However, an important nuance here is that even though it is said that “holdings in the Underlying Index are selected primarily from the constituents of the Russell 1000 Index,” I have still found one name that is not in the portfolio of the iShares Russell 1000 ETF (IWB), namely Corebridge Financial (CRBG), which had a 17 bps weight in JVAL as of June 21.
Since its inception in November 2017, JVAL has accumulated AUM of $815.3 million. The expense ratio is competitive at 0.12%.
JVAL performance discussion
This year, JVAL has been participating in the rally, which I surmise has been driven mainly by the sector neutrality principle its underlying index adheres to (as a consequence, it has a tilt toward tech). However, it has still lagged the S&P 500 since my January article.
Why has JVAL underperformed the S&P 500? As only about 2.3% of its portfolio has been replaced since January, it is much easier for us to identify contributors to and detractors from its performance than in the case of deeper recalibration.
So which stocks have detracted most? Comparing share prices as of January 2 and June 24, I have found out that the GICS communication, health care, real estate, and utilities sectors delivered the weakest results. The figures below are the average price returns for each, prepared using data from Seeking Alpha and JVAL:
Sector | Weight (as of January 2) | Average price decline |
Utilities | 2.5% | -1.5% |
Real Estate | 2.8% | -2.6% |
Health Care | 12.2% | -3.4% |
Communication | 7.4% | -4.2% |
At the same time, what names have contributed to JVAL’s return since January?

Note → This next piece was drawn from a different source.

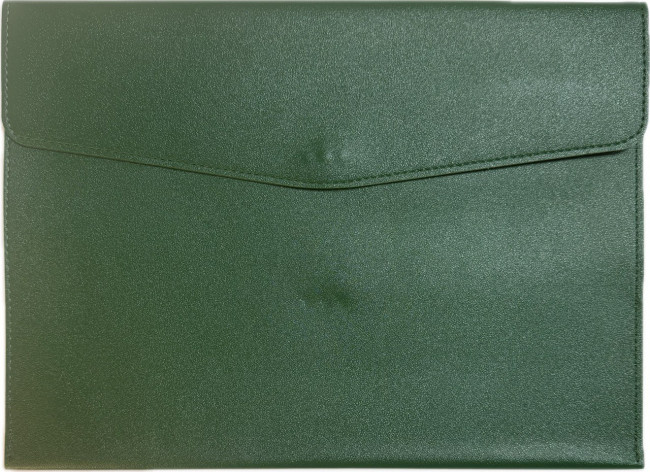 Папка -конверт А4 на кнопке WENZER OFFiCE, зелёная, эко кожа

It was mainly IT that allowed it to participate in the rally this year.
Sector | Weight (as of January 2) | Average price return |
Energy | 3.9% | 10.4% |
Information Technology | 26.3% | 8.7% |
Industrials | 12.2% | 6.3% |
The most successful IT story was AppLovin Corporation (APP) which has seen its price soar by more than 99% over the period concerned. So my hypothesis here is that if JVAL followed a weighting schema more common for value strategies (i.e., without a sector-neutrality principle), its basket would likely be heavier in financials and much lighter in IT, so its YTD returns would have been even less appealing.
Other sectors that have seen solid gains are energy and industrials. The former contributed to JVAL’s return only marginally, as its weight in the portfolio was just 3.9% in January (3.4% as of June 21).

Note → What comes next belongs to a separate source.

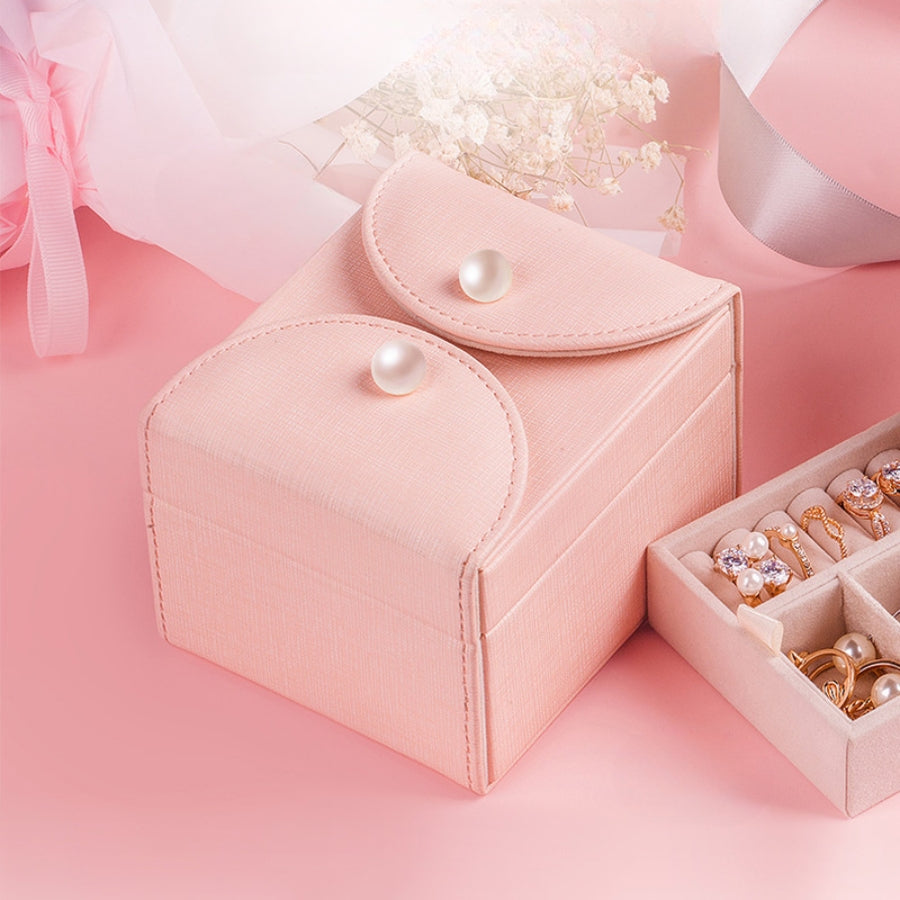 GLITTER GROTTO Compact Travel Jewelry Organizer Box 2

Looking at long-term performance, JVAL is still offering an annualized total return that is much more compelling than that of the iShares Russell 1000 Value ETF (IWD). However, it remains substantially behind the iShares Core S&P 500 ETF (IVV) and IWB.
Metric | IVV | JVAL | IWD | IWB |
Start Balance | $10,000 | $10,000 | $10,000 | $10,000 |
End Balance | $22,263 | $19,035 | $16,660 | $21,728 |
CAGR | 13.10% | 10.41% | 8.17% | 12.68% |
Standard Deviation | 17.60% | 19.65% | 17.76% | 17.88% |
Best Year | 31.25% | 31.30% | 26.13% | 31.06% |
Worst Year | -18.16% | -11.59% | -8.42% | -19.19% |
Maximum Drawdown | -23.93% | -29.33% | -26.73% | -24.57% |
Sharpe Ratio | 0.67 | 0.5 | 0.41 | 0.64 |
Sortino Ratio | 1.03 | 0.75 | 0.6 | 0.98 |
Upside Capture | 100.55% | 95.29% | 83.9% | 100.24% |
Downside Capture Ratio (%) | 97.08% | 101.45% | 96.37% | 98.38% |
Data from Portfolio Visualizer. The period covered is December 2017–May 2024. JVAL was incepted in November 2017
It also captured more downside than IWD, though it was significantly stronger during the market recovery periods, as is evidenced by the upside capture ratio. Here, I believe the market neutrality principle has contributed again.

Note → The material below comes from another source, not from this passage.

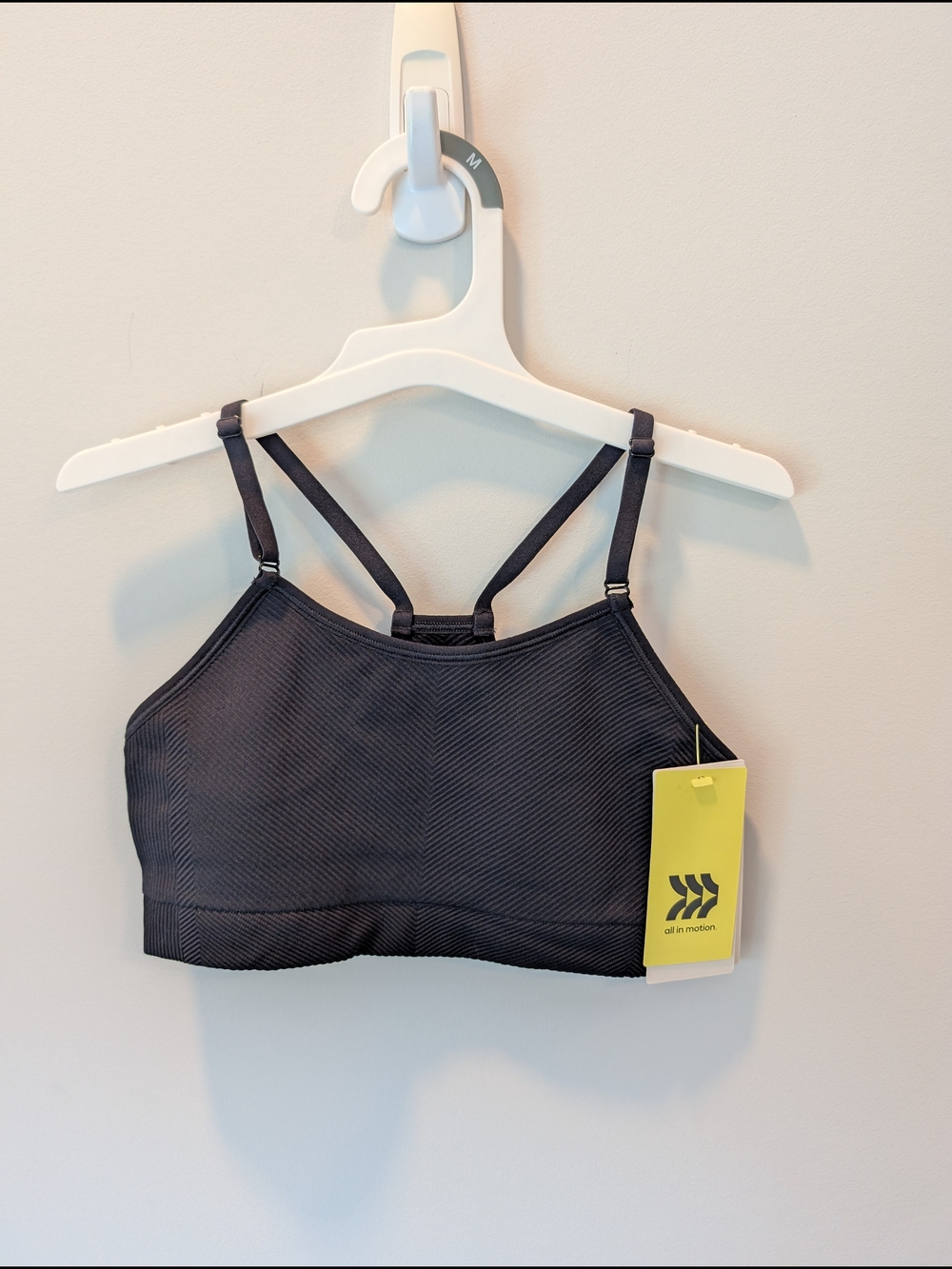 all in motion Black Girls M Sports Bra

JVAL factor mix: inexpensive, high-quality stocks take center stage, sufficient growth exposure is missing
As of June 21, JVAL had a portfolio of 354 domestic common stocks and REITs (350 in January). Most were present in the January version of the portfolio, as just 2.3% were replaced, as per my calculations. For instance, JVAL added GoDaddy (GDDY), Crown Holdings (CCK), and Twilio (TWLO), among others. At the same time, it removed Pioneer Natural Resources (traded with a ticker PXD, acquired by Exxon Mobil (XOM) in May), Norfolk Southern (NSC), and Entegris (ENTG), to name a few.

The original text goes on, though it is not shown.